Summary and Analysis Chapters 14-21

 

Though the main part of Chapter 14 is taken up by Pilar's story of the bullfighter, her tale is sandwiched between two important scenes. Pablo assumes that the blowing up of the bridge will be called off, and he tells Jordan that he need not go for the scouts because they will come in out of the snow even though they were ordered to wait for Jordan to come to them. Jordan curses his bad luck but indicates that the job will proceed as planned, anyhow. He is inclined to believe that Pablo is right about the scouts; the whole war is being fought in just such a lackadaisical way after all. The second scene comes at the end of the chapter when the gypsy does, indeed, leave his post and return to the cave. Nor, since he is cold and hungry, will he go with Jordan to show him where Anselmo is.

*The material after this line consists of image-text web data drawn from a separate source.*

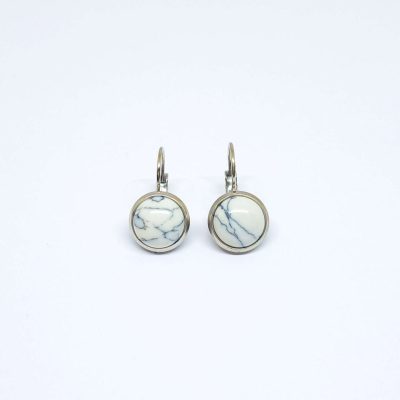 Ohrhänger Edelstein Cabochon Howlith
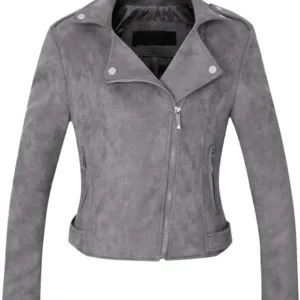 Women’s Grey Zip Suede Biker Leather Jacket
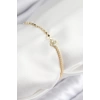 Pirinç Zirkon Taşlı Yonca Model Ezme Zincir Gold Renk Kadın Bileklik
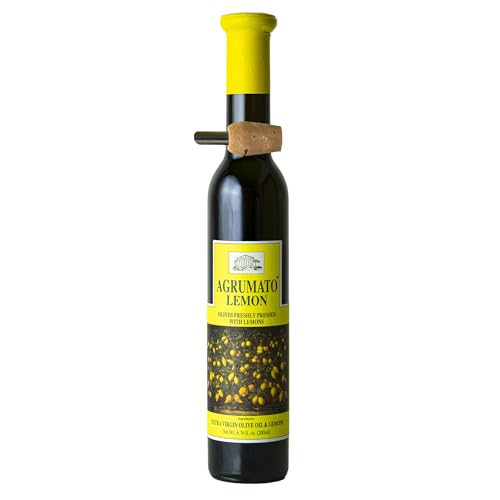Agrumato Lemon Olive Oil, Cold Pressed Italian Extra Virgin with Fresh Citrus Peel, Small Batch Gourmet Finishing Oil for Salads Seafood Pasta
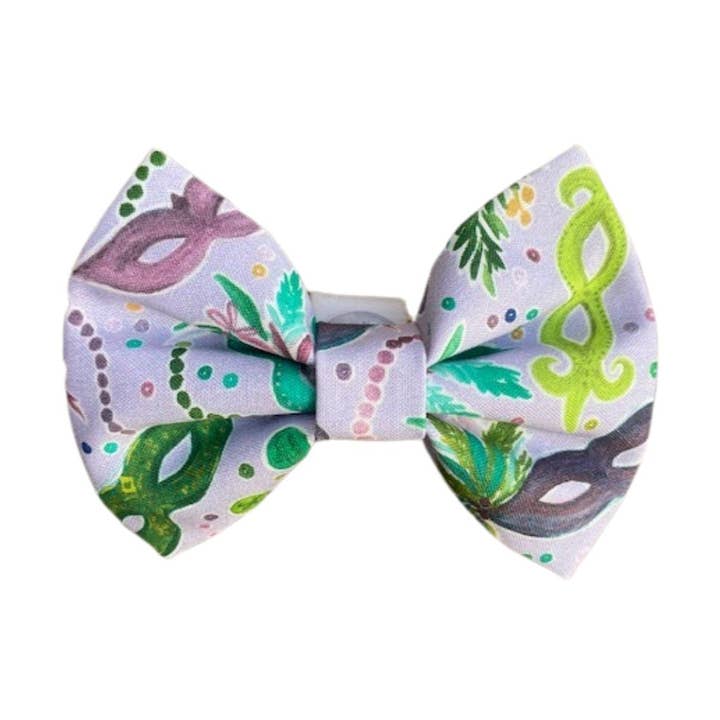 Mardi Gras Masks Bow Tie - Light Purple Background for wholesale by Chloe & Max LLC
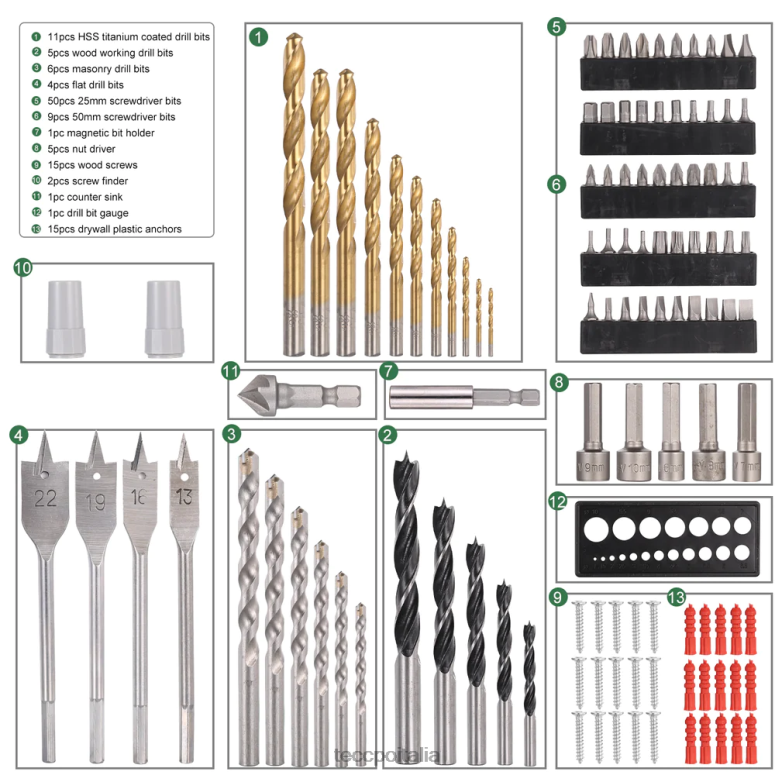 TECCPO set di punte da trapano Accessori L0VNJ5
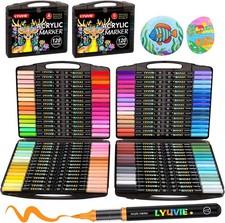 120 Colours Acrylic Paint Pens Set,Water Based Brush Markers- Permanent Paint P
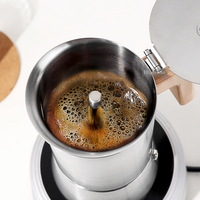 HIGHWIN Pot à café en acier inoxydable pour moka, 6 tasses, cafetière à expresso à induction avec manche en bois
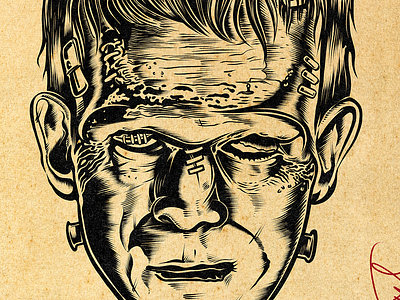 DRAWING OF FRANKENSTEIN'S FACE branding david vicente digital art drawing dvicente art frankenstein horror illustration ink inking print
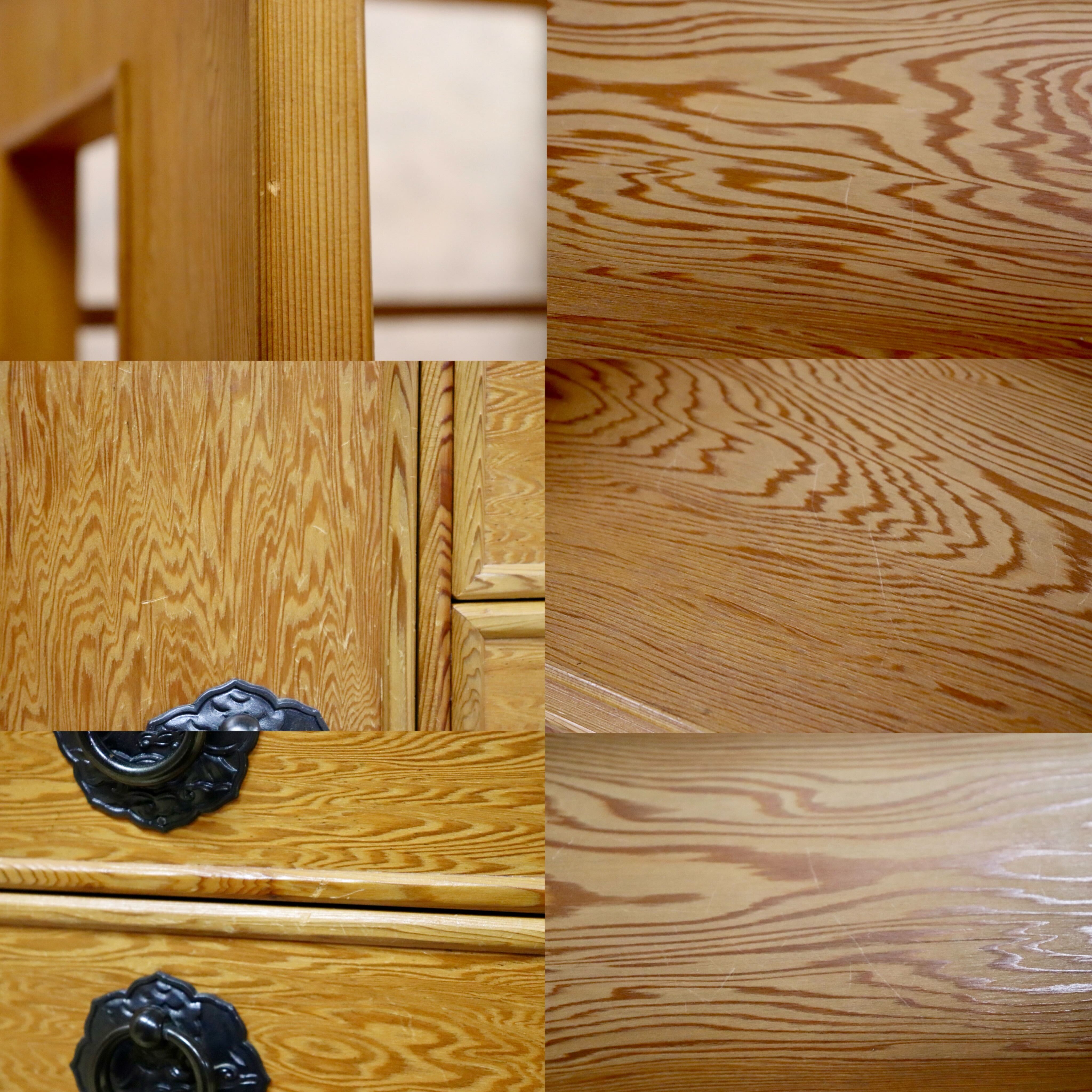 GMHH226A○世界遺産屋久杉 茶棚 飾り棚 茶箪笥 サイドボード リビングボード 和家具 和室 古民家 伝統工芸 和モダン アンティーク 稀少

Pilar's story is itself important because it gives additional background material about life before the movement. Bullfighting is one of the few ways in which a man could raise himself above his station. Pilar's friend paid a dreadful price, however. Though almost dying of consumption, he feels that he must stay in the tavern to satisfy his fans. But when, at the climax of the evening, they unveil the mounted bull's head, the bullfighter is horror-stricken. His courage, drained away by his illness and injuries, has finally left him.

In Chapter 15, the reader finds Anselmo, who, uncharacteristically for most of the guerillas and soldiers, has stayed at his post waiting for Jordan. He thinks of all the people whose lives are disrupted or ended by the war. He does not want to kill. All day he has been watching the fascist guards and he feels a close identification with them. He feels that he could walk over to the mill where the guards are and that they would welcome him, except that they have orders to challenge all travelers. "It is only orders that come between us," he thinks. "Those men are not fascists. . . . They are poor men as we are." Then Hemingway takes the reader across the road and into the mill to witness the conversation between the fascist soldiers. Indeed, they are just the kind of people that Anselmo has thought they were.

While Chapters 16 and 17 serve mainly to bring the serious problem of Pablo to a temporary head, they also furnish the reader additional information which he has not previously had. Primitivo's questions about America, for instance, demonstrate the nature of some of Spain's political problems. Jordan's answers, in turn, show his feeling that the fascistic ills of the world will someday have to be corrected.

The fact is also brought out that Jordan was an instructor of Spanish in America. And Fernando, who symbolizes the formality and prudishness of the lower-middle-class Spaniard of that time, provides comic relief to the scene when he complains at length that a foreigner should not be allowed to teach Spanish.

In Chapter 17, the decision to kill Pablo is made and abandoned when Pablo returns in a friendly and cooperative mood. Pilar indicates to Jordan that Pablo's change of heart has undoubtedly come about because he overheard the plans to kill him. But when Pablo points out that he is the only one who can lead them to safety after the bridge, the assassination is tacitly canceled. However, Pablo still remains a real threat to the success of the operation.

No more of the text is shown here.